To do: An exact copy of the entries below is needed, with every picture left out.

Study material:
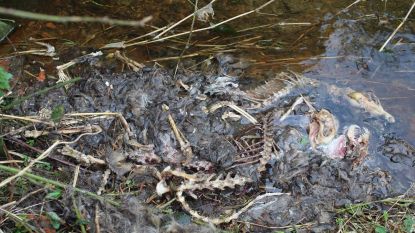 Vier mysterieuze kadavers in gracht langs Leischoot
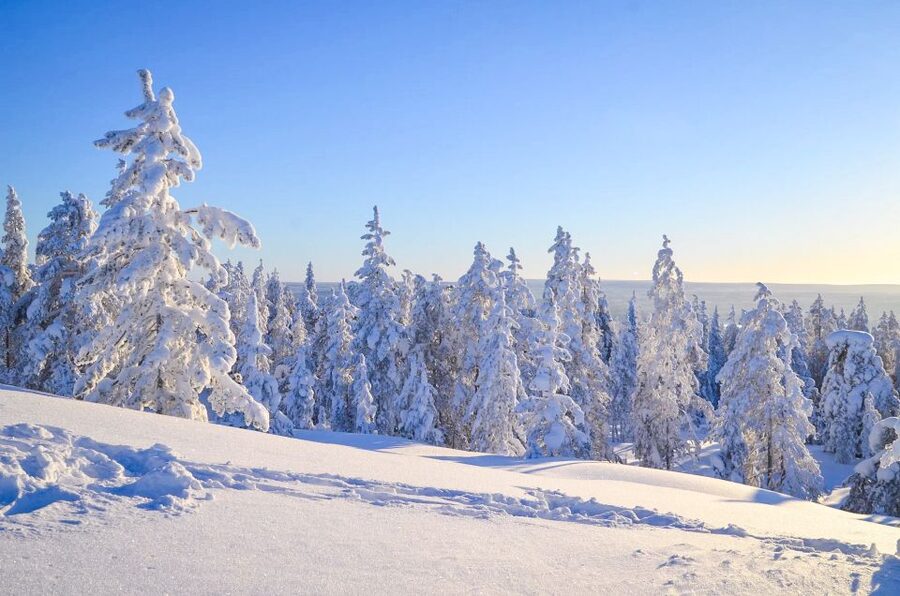 Rovaniemi: Wilderness Tour - Learning to light a fire without matches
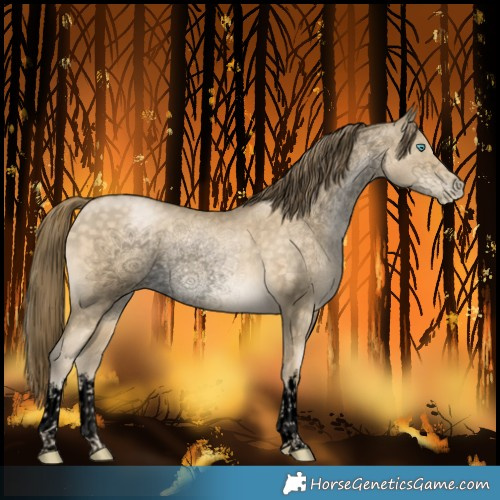 Horse Color:Void White Spotted Buckskin Snowdrop Rabicano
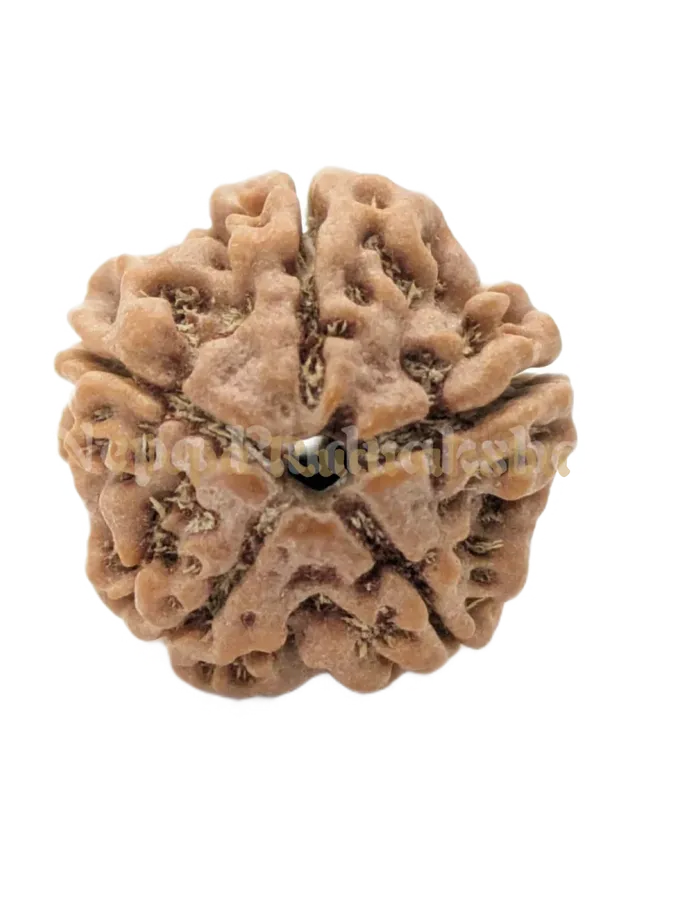 5 Mukhi (Regular) Rudraksha Same Day Delivery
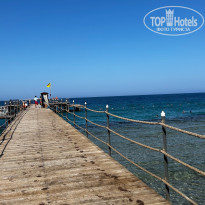 фото из отзыва ID 2708277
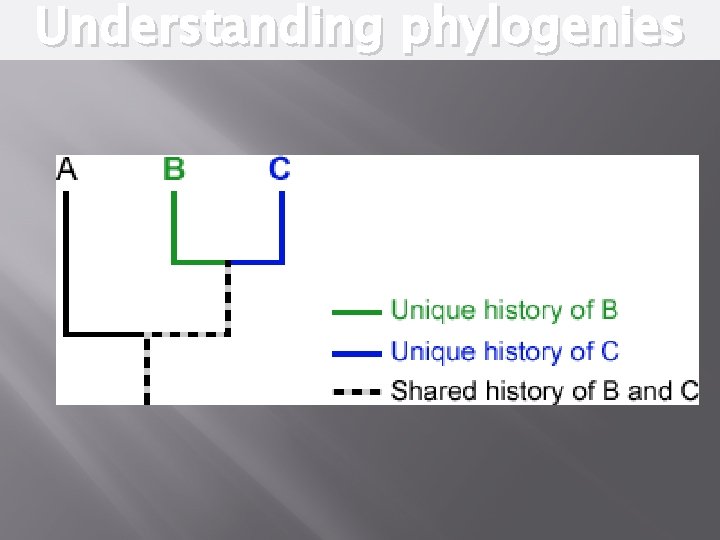 Understanding phylogenies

Exercise solution:
 Vier mysterieuze kadavers in gracht langs Leischoot
 Rovaniemi: Wilderness Tour - Learning to light a fire without matches
 Horse Color:Void White Spotted Buckskin Snowdrop Rabicano
 5 Mukhi (Regular) Rudraksha Same Day Delivery
 фото из отзыва ID 2708277
 Understanding phylogenies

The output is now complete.